## Exercise directions
The records below are to be written out exactly, with every picture omitted.

*** Opening Study material ***

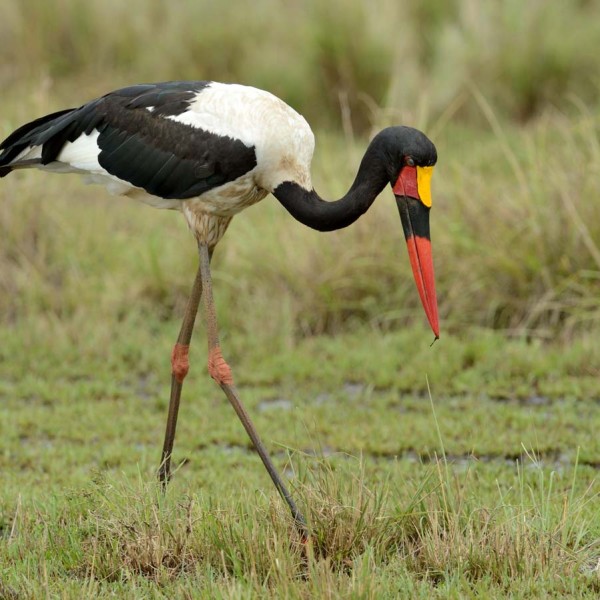 Jabiru d'Afrique dans les marais du Masai-Mara - Kenya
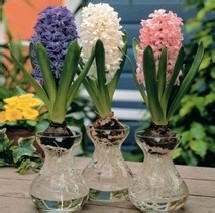 【风信子】解读风信子的养殖方法及注意事项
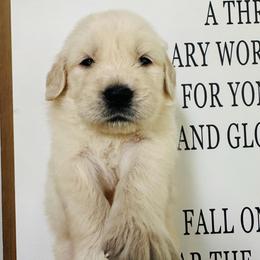 Cash - Light golden male Golden Retriever puppy in Oconto, Wisconsin from Abbie's Golden Retrievers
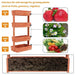 4-Tier Ladder Design providing ample space for diverse plant growth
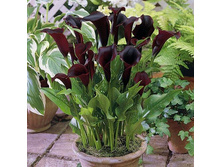 ����� ������������ ��. ����.png3.jpg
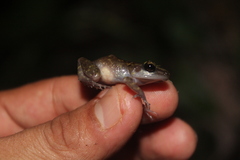 Eleutherodactylus leprus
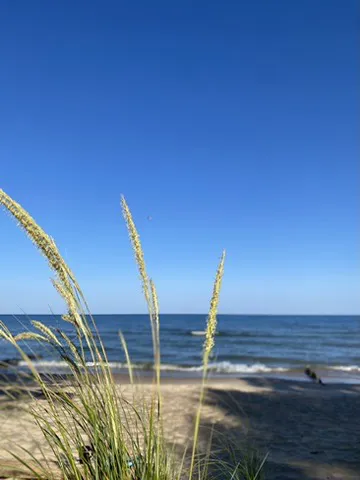Covert Park Beach & Campground 3
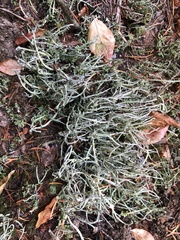 Cladonia ecmocyna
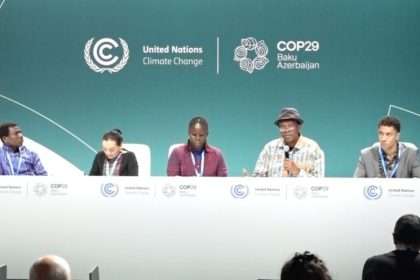 COP 29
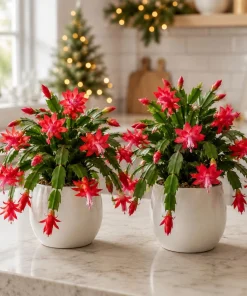 Set of 4 Red Christmas Cactus Plants – Tropical Live Cacti – 4-8 Inch Tall - Image 1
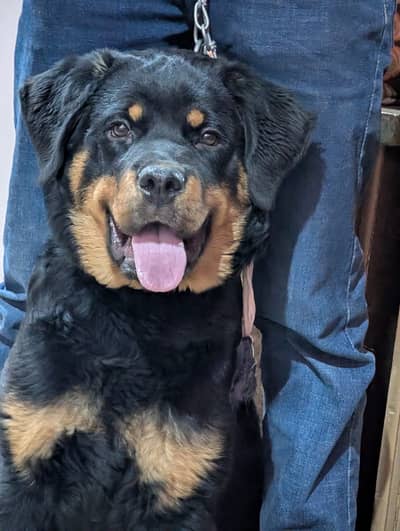 Rottweiler Male puppy available for sale | Top-notch quality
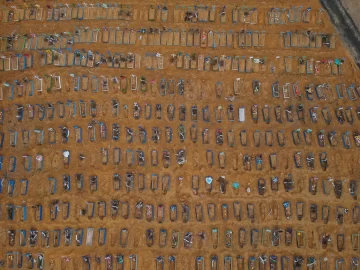 Brasil: talaron un bosque tropical para abrir cientos de tumbas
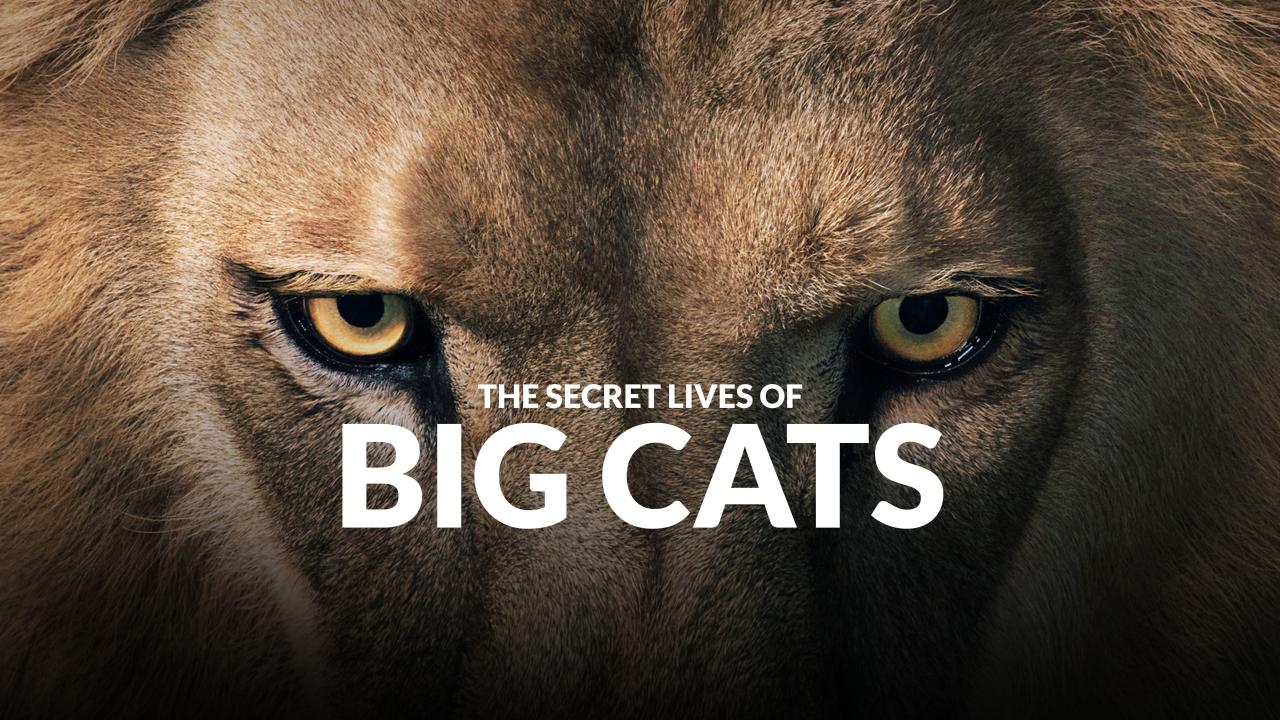 مسلسل Big Cats الموسم الاول الحلقة 2 الثانية مترجمة اونلاين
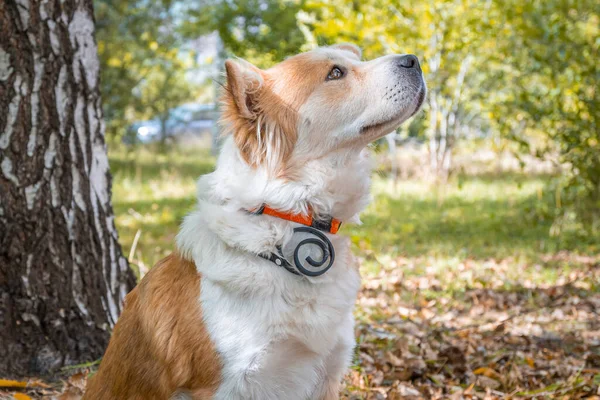A dog wearing a dog collar against fleas and ticks sits on a lawn in the autumn forest and looks up intently.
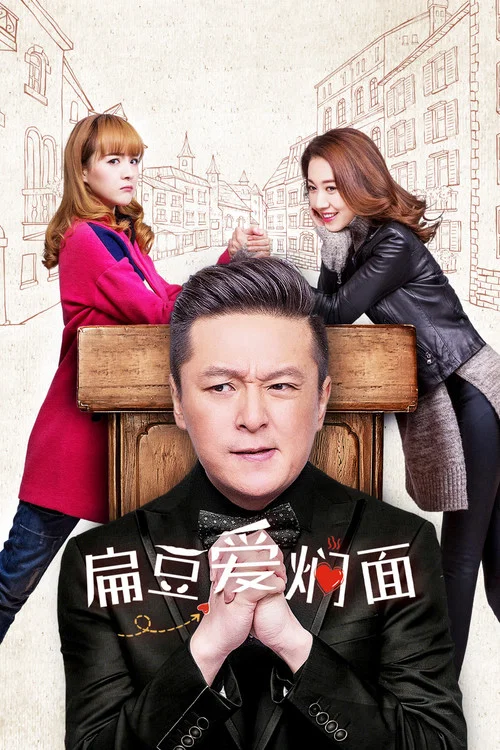 复婚前规则(2017)海报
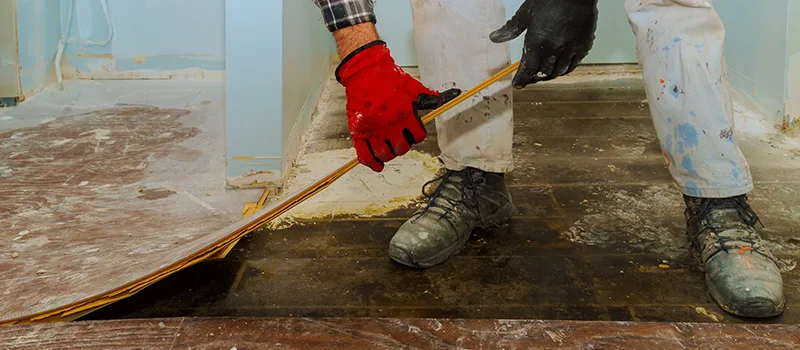 Cost Of Flooded Basement Cleanup in Meadowlands, Hamilton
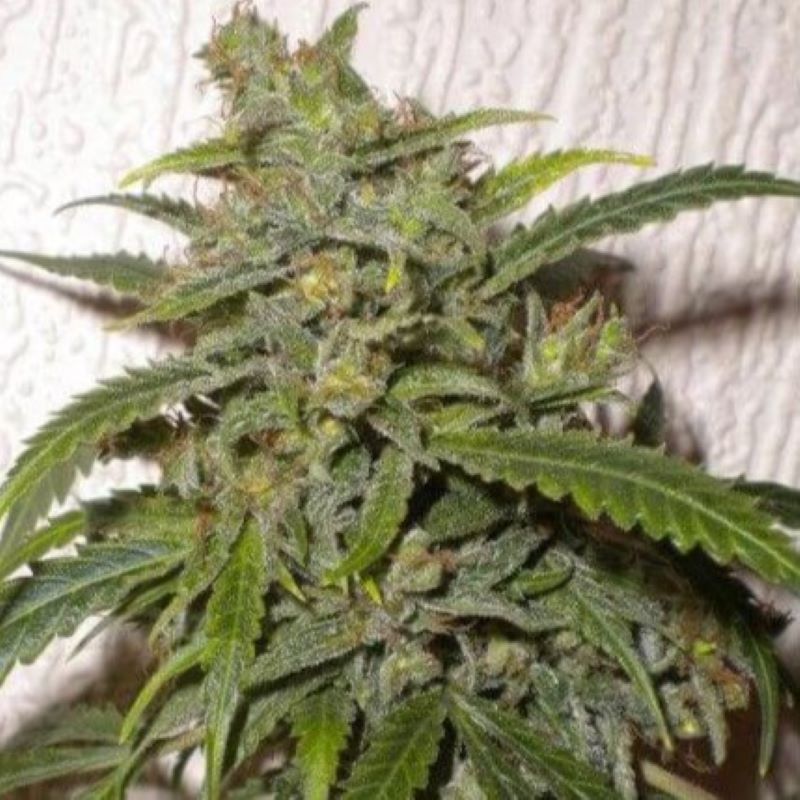 Semena marihuany Nirvana Sky Autoflowering Feminizovaná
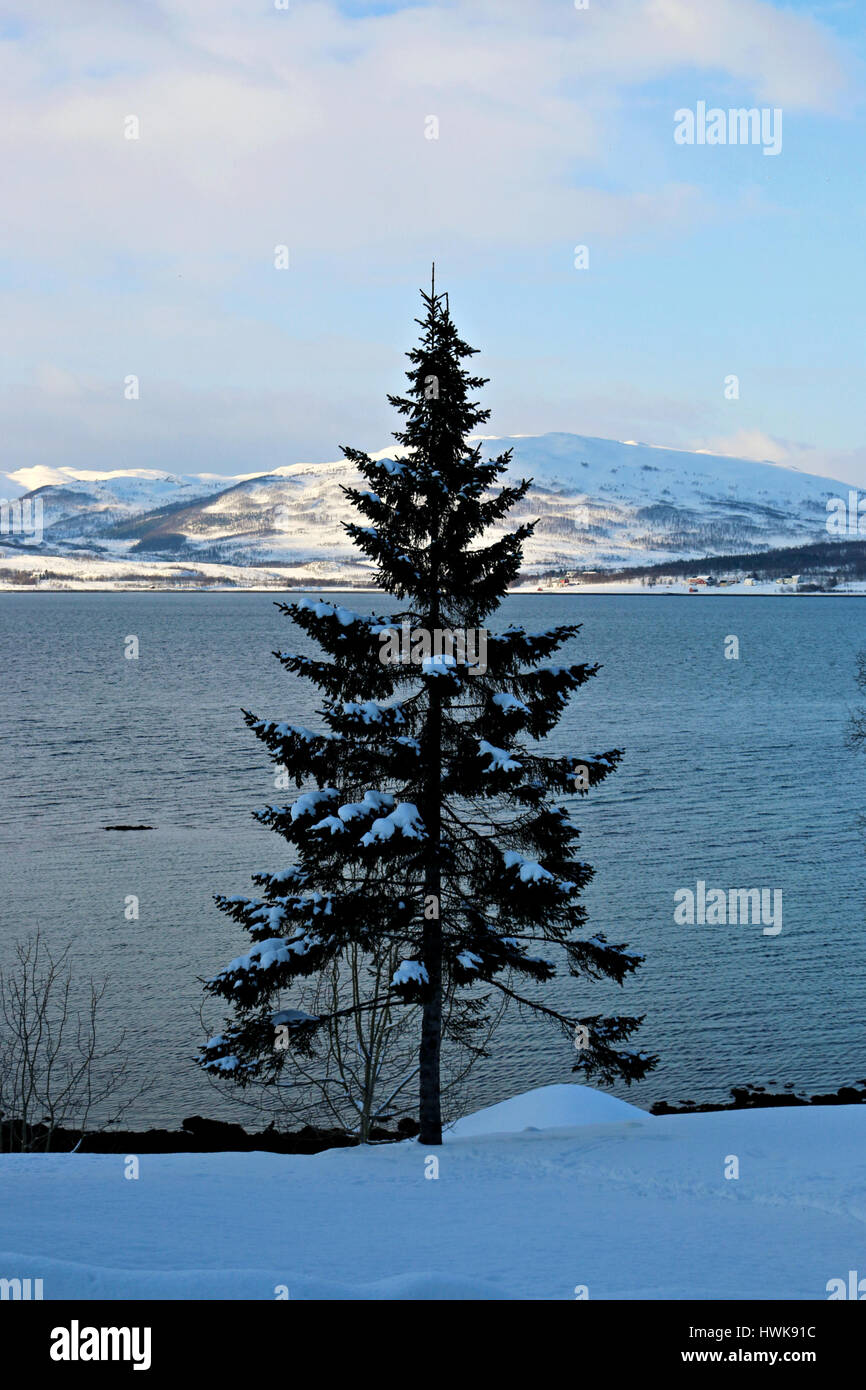 Lonely tree in Tromso, Norway Stock Photo
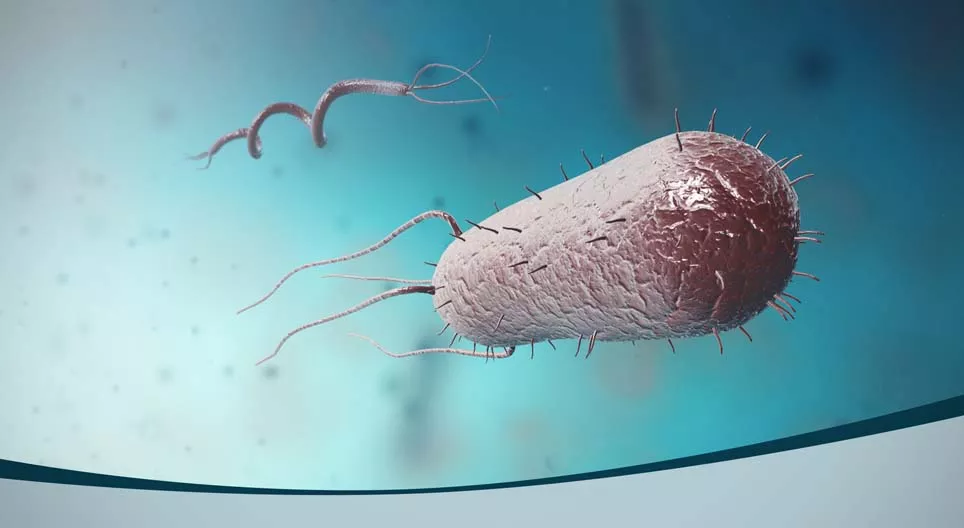 Какой размер у бактерии?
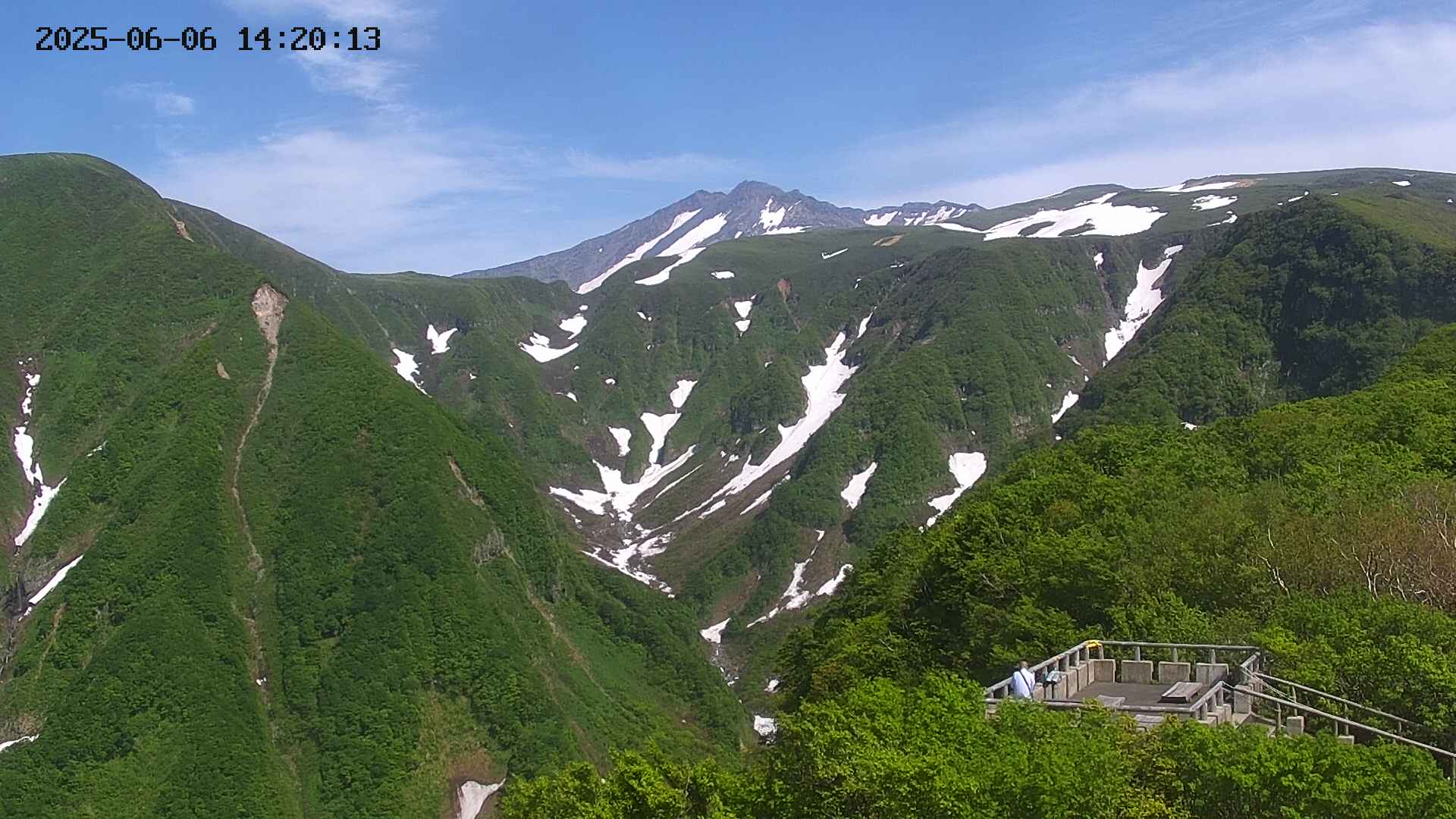 zenkei20250606142014.jpg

*** Closing Study material ***

## Exercise response
 Jabiru d'Afrique dans les marais du Masai-Mara - Kenya
 【风信子】解读风信子的养殖方法及注意事项
 Cash - Light golden male Golden Retriever puppy in Oconto, Wisconsin from Abbie's Golden Retrievers
 4-Tier Ladder Design providing ample space for diverse plant growth
 ����� ������������ ��. ����.png3.jpg
 Eleutherodactylus leprus
Covert Park Beach & Campground 3
 Cladonia ecmocyna
 COP 29
 Set of 4 Red Christmas Cactus Plants – Tropical Live Cacti – 4-8 Inch Tall - Image 1
 Rottweiler Male puppy available for sale | Top-notch quality
 Brasil: talaron un bosque tropical para abrir cientos de tumbas
 مسلسل Big Cats الموسم الاول الحلقة 2 الثانية مترجمة اونلاين
A dog wearing a dog collar against fleas and ticks sits on a lawn in the autumn forest and looks up intently.
 复婚前规则(2017)海报
 Cost Of Flooded Basement Cleanup in Meadowlands, Hamilton
 Semena marihuany Nirvana Sky Autoflowering Feminizovaná
 Lonely tree in Tromso, Norway Stock Photo
 Какой размер у бактерии?
 zenkei20250606142014.jpg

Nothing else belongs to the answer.